The Causby case has a very different fact pattern than a corner crossing. The US was buzzing military aircraft at 80 feet above the landowner's property, killing his livestock etc. and rendering the land totally uninhabitable. It's a different situation from stepping from one piece of public land to another piece of public land.
I agree completely. This is just the precedent case cited by attorney's I have talked to on this issue that held airspace in some capacity is owned by the landowner. I actually believe this case leaves an opening for corner crossing with this language:
"there would be an intrusion so immediate and direct as to subtract from the owner's full enjoyment of the property and to limit his exploitation of it."
This leads to the question of whether or not stepping over a tiny corner of a landowner's property subtracts from the full enjoyment of it. My contention would be no. I think a landowner making that claim is objectively unreasonable. Inversely, I believe that the landowner is interferring with the public's full enjoyment of their airspace over the public land.
I wouldn't count on this holding to be applied in a corner crossing case. The reasoning in the holding isn't particularly applicable to corner crossings.
I would bet the house that this case would be referenced in any arguments made by the landowner, should a corner crossing case go to appellate review. THEY will contend that it applies directly. However, I fully agree with you. Nobody crossing a corner is killing somebody's chickens, waking them up from sleep, or making their property "uninhabitable" as referenced in the Causby decision.

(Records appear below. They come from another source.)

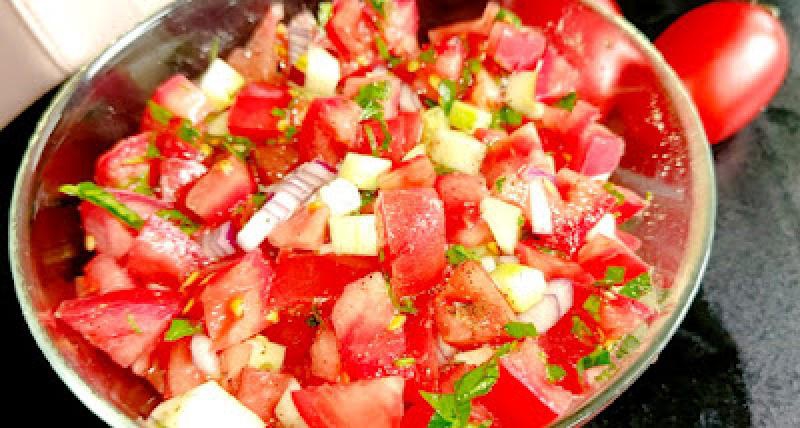Marokańska sałatka z pomidora i ogórka (Salata dyal matisha u khiar)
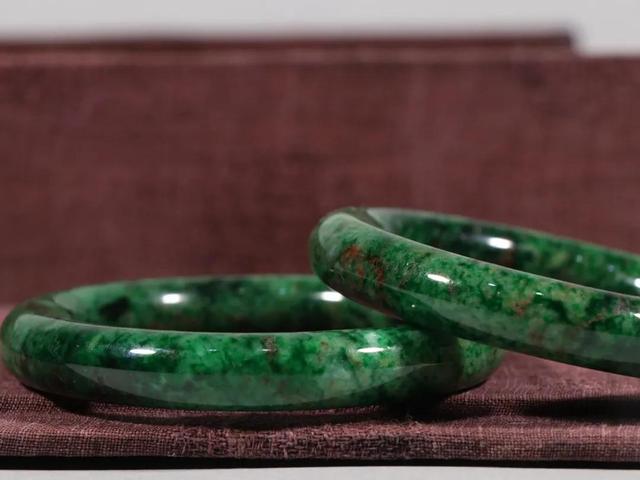 包含翡翠手件价格表大全的词条-第33张图片-翡翠网 包含翡翠手件价格表大全的词条-第33张图片-翡翠网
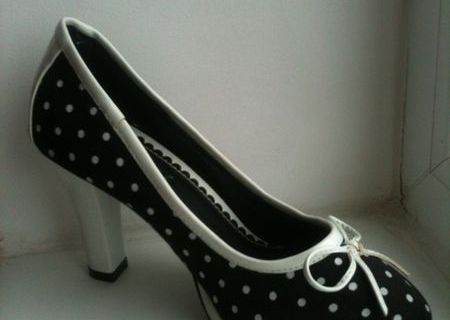 Pantofi cu buline Botinelli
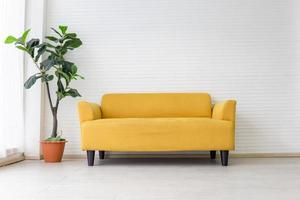 interior da sala branca com sofá de tecido amarelo moderno com fundo de parede branca vazia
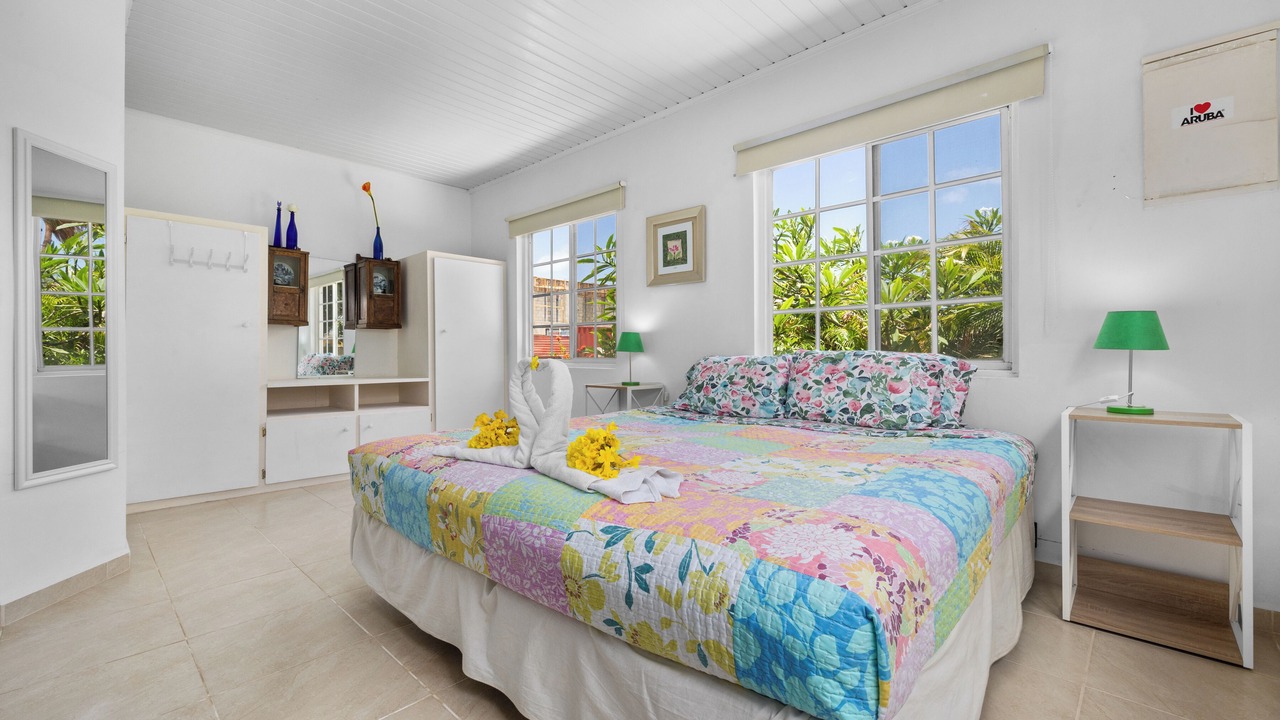 Photo of Bedroom in Eagle Beach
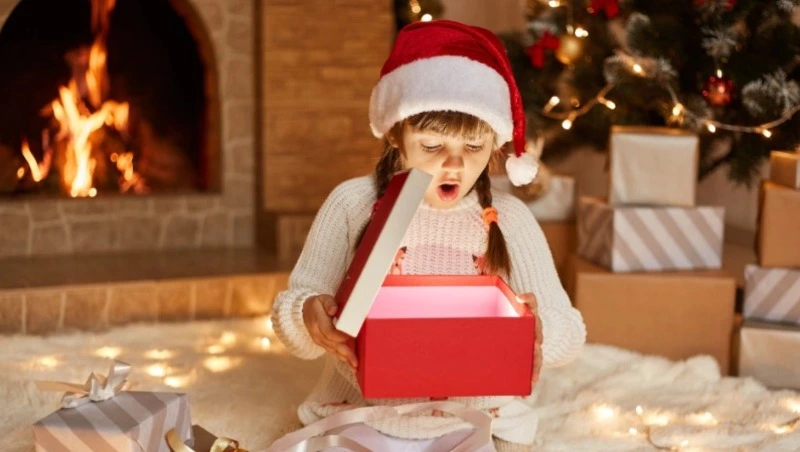 Жителям Сахалина рассказали о важности писем Деду Морозу для детей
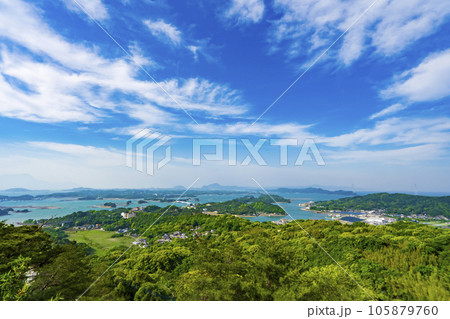 【熊本県】雲仙天草国立公園の景観（千厳山園地より） 105879760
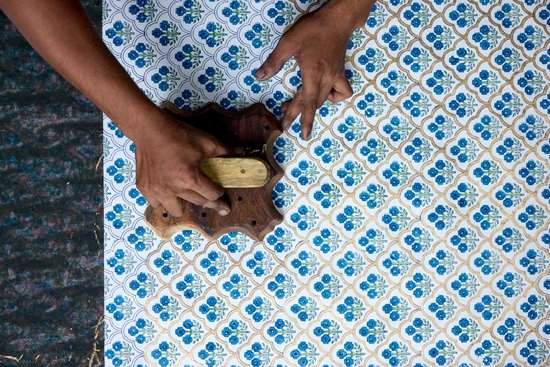 Paper Mirchi - Blokgedrukt Gelijnd Notitieboek (A5) - Trellis Indigo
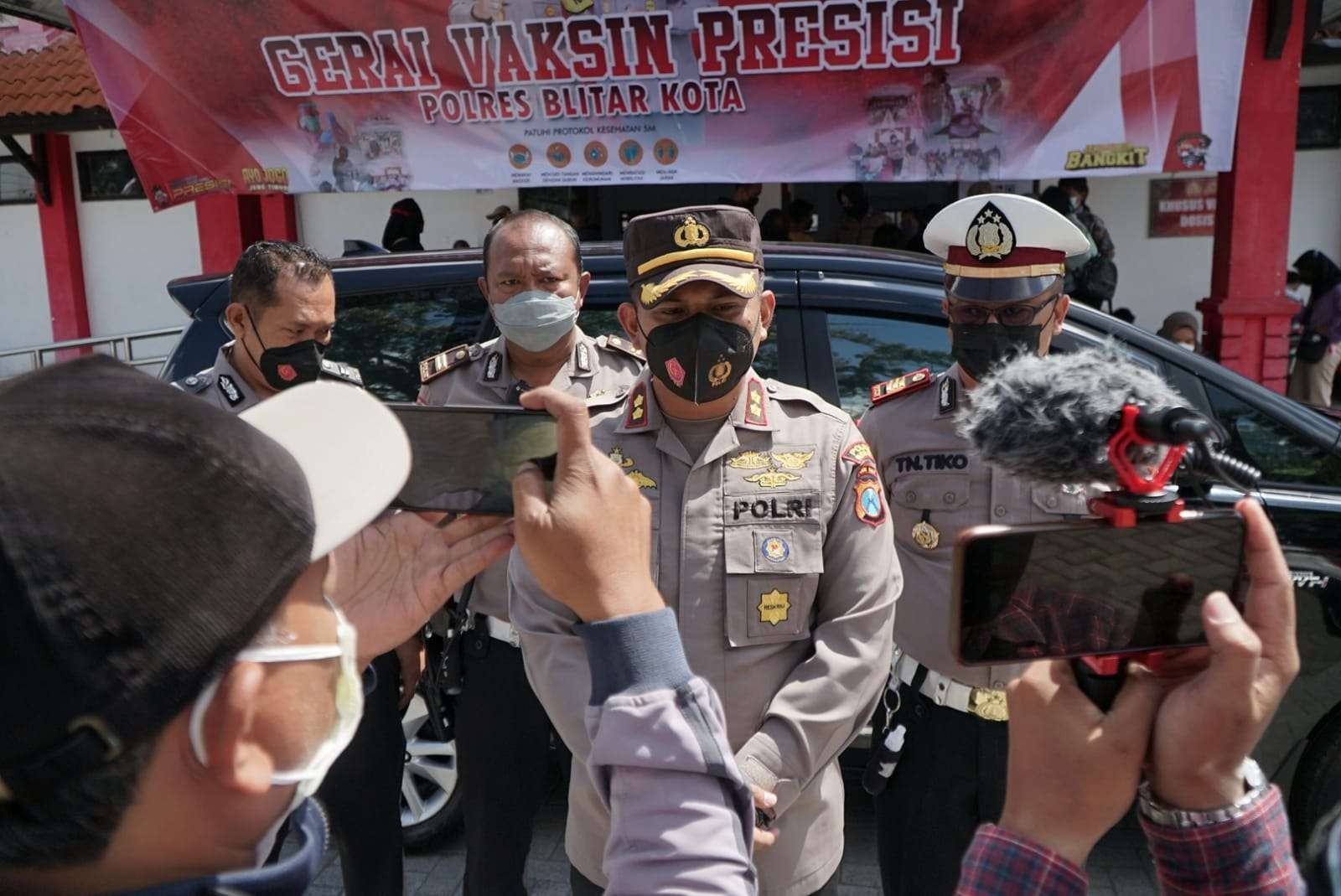 Kapolres Blitar Kota AKBP Yudhi Hery Setiawan memberikan keterangan kepada wartawan, Kamis 02 September 2021 soal temuan mayat perempuan dalam karung dan gantung diri. (Foto: Choirul Anam/Ngopibareng.id)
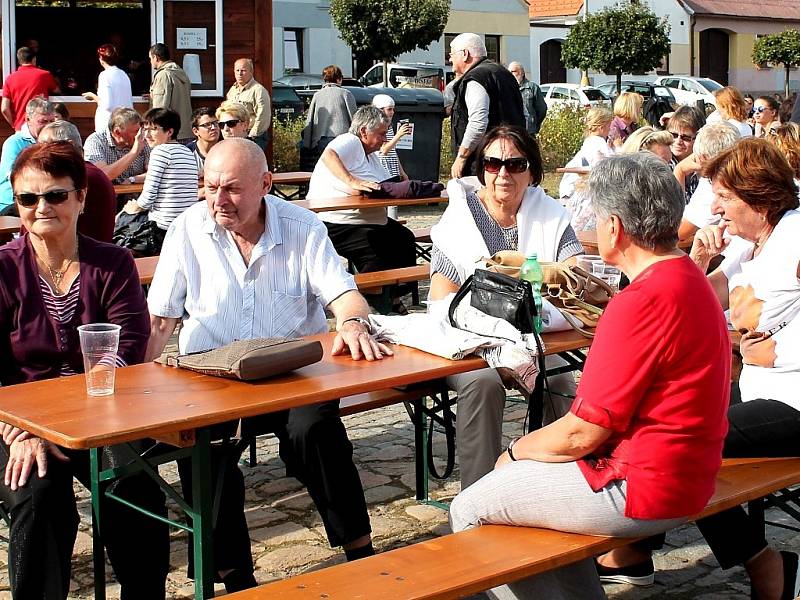 V Kardašově Řečici se lidé přišlil podívat do nově opravené radnice.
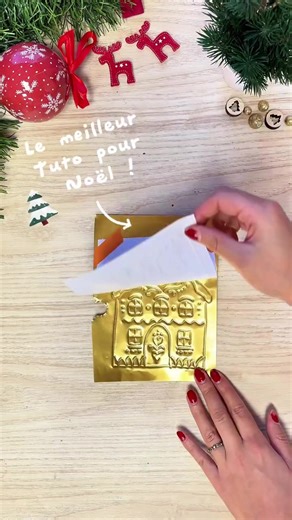 Vous faites votre déco vous même pour Noël cette année ? 🥰 Si oui, j’ai LE tuto parfait avec ces petites suspensions pour le sapin, qui sont absolument magnifiques (vous ne trouvez pas ? 😍) Les feuilles de métal à repousser rendent tout tellement joli et c’est surtout une activité facile pour les enfants qui travailleront la concentration et la motricité fine ✂️ Les 4 modèles sont à imprimer gratuitement sur notre site. J’espère que vous trouverez votre bonheur ! N’hésitez pas à m’envoyer vos 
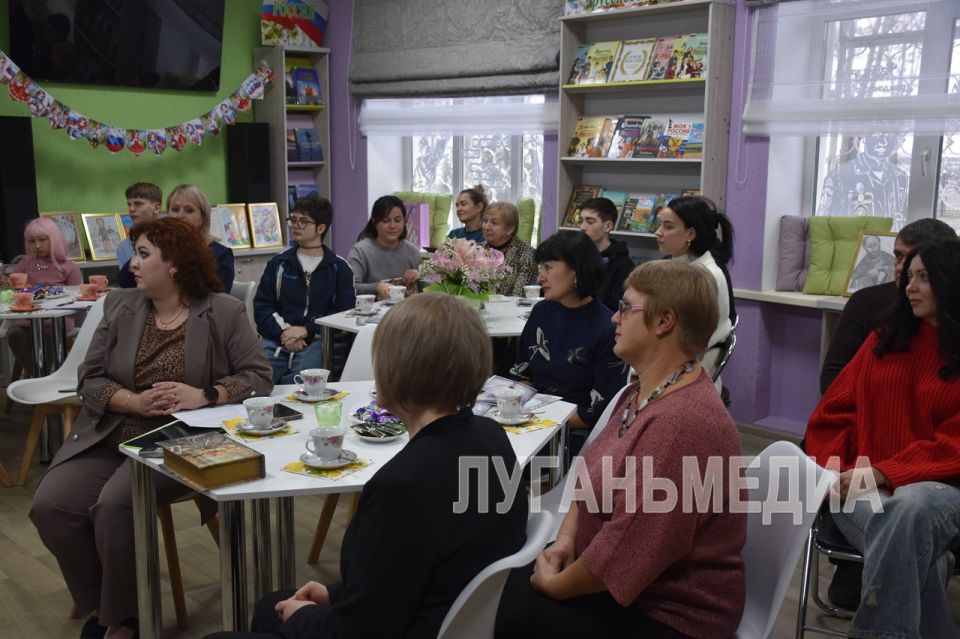 В Стаханове состоялась презентация сборника поэтессы Марии Щировой В Стаханове состоялась презентация сборника поэтессы Марии Щировой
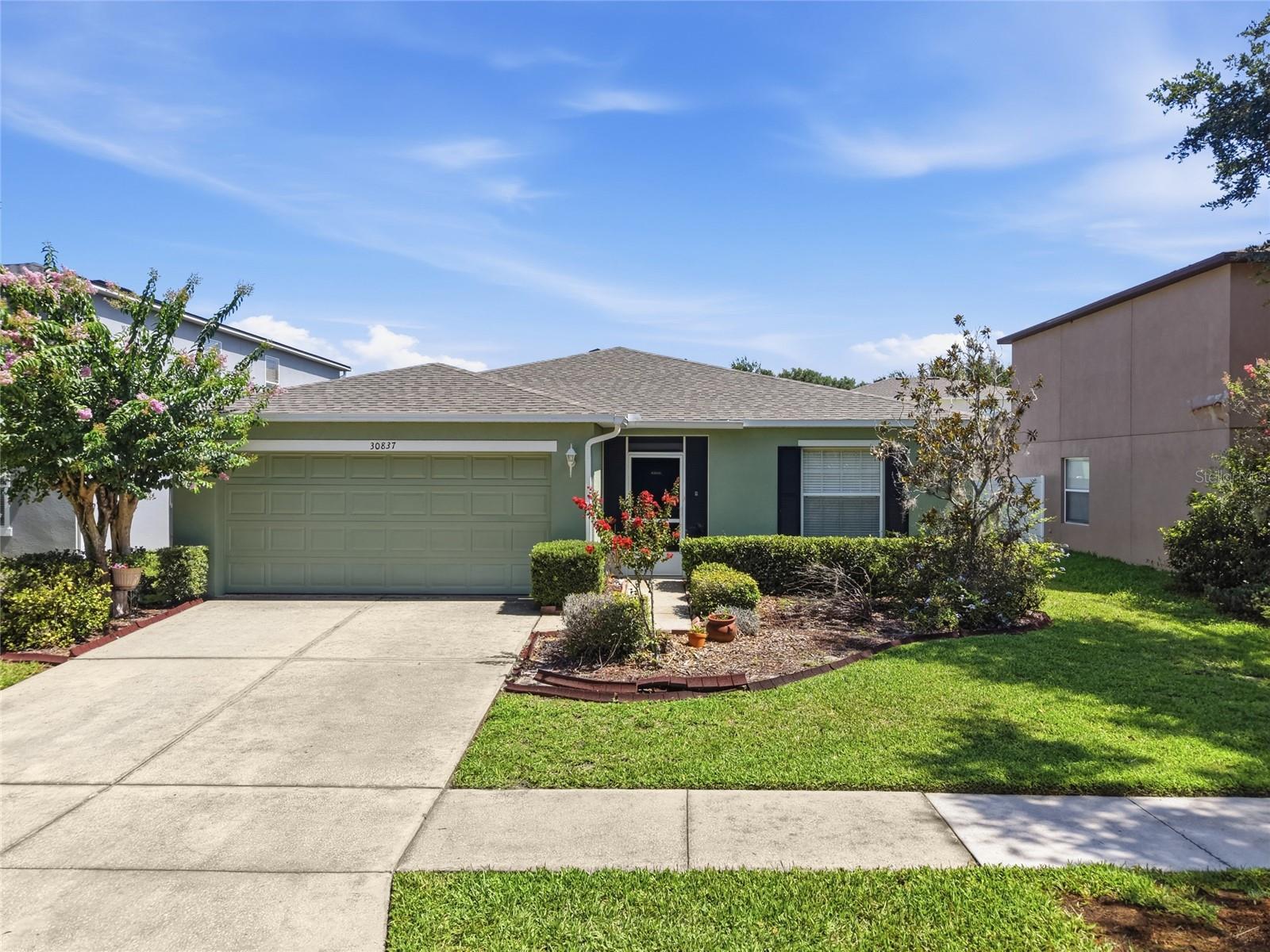 30837 SONNET GLEN DR - Photo 1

We are in agreement, ssssnake529. I think it is just the worry that this case would be applied badly to corner crossing that makes attorneys gun-shy about it. The truth is, as mentioned often in this thread, that it isn't settled. The safest bet is to not corner cross, as I mentioned before. Yet, it happens frequently in Montana, and has never been prosecuted that I have heard of. Maybe another member knows of a case, though.